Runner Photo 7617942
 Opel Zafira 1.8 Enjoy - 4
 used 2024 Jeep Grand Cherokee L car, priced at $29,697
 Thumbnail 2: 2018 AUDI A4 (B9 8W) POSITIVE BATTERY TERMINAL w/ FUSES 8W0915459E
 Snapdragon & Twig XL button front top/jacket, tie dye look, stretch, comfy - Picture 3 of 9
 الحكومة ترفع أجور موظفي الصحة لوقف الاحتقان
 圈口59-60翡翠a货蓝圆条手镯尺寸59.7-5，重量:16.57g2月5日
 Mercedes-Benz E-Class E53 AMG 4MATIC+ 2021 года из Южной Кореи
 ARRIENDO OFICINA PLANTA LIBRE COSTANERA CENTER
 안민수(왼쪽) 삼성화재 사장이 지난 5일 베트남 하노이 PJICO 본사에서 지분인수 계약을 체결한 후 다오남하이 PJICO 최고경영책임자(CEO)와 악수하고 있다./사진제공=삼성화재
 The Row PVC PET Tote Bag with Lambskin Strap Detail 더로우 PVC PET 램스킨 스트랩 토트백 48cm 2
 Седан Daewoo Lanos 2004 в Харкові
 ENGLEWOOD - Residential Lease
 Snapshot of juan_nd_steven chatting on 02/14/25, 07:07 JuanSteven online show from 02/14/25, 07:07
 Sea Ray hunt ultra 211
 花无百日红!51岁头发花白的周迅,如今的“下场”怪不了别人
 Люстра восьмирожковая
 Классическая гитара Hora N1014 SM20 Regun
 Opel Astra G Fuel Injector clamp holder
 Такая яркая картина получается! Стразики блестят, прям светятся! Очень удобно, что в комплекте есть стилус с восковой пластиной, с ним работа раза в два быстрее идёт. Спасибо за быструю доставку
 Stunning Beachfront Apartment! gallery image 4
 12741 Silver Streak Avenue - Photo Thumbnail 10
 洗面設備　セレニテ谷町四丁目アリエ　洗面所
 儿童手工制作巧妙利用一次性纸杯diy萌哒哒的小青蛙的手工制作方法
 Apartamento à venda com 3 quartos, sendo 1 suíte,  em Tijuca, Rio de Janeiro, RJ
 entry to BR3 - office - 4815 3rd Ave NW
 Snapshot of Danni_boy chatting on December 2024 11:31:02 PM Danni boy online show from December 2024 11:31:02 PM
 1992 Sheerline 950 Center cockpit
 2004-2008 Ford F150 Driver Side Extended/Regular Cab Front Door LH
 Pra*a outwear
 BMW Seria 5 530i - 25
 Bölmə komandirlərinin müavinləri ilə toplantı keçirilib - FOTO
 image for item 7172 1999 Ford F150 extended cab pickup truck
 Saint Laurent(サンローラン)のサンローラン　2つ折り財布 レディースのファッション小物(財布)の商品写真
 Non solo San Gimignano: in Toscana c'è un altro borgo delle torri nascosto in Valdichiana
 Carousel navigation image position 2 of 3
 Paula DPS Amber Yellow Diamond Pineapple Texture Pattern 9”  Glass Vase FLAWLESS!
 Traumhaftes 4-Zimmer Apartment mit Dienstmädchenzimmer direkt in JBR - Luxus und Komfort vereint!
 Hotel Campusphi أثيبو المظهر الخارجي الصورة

--------------------------------

→ **Prompt**
Set down the line that contains "Snapshot of Danni_boy" exactly. Do the same for each later line of the data, through the end, and add nothing.

→ **Exercise output**
 Snapshot of Danni_boy chatting on December 2024 11:31:02 PM Danni boy online show from December 2024 11:31:02 PM
 1992 Sheerline 950 Center cockpit
 2004-2008 Ford F150 Driver Side Extended/Regular Cab Front Door LH
 Pra*a outwear
 BMW Seria 5 530i - 25
 Bölmə komandirlərinin müavinləri ilə toplantı keçirilib - FOTO
 image for item 7172 1999 Ford F150 extended cab pickup truck
 Saint Laurent(サンローラン)のサンローラン　2つ折り財布 レディースのファッション小物(財布)の商品写真
 Non solo San Gimignano: in Toscana c'è un altro borgo delle torri nascosto in Valdichiana
 Carousel navigation image position 2 of 3
 Paula DPS Amber Yellow Diamond Pineapple Texture Pattern 9”  Glass Vase FLAWLESS!
 Traumhaftes 4-Zimmer Apartment mit Dienstmädchenzimmer direkt in JBR - Luxus und Komfort vereint!
 Hotel Campusphi أثيبو المظهر الخارجي الصورة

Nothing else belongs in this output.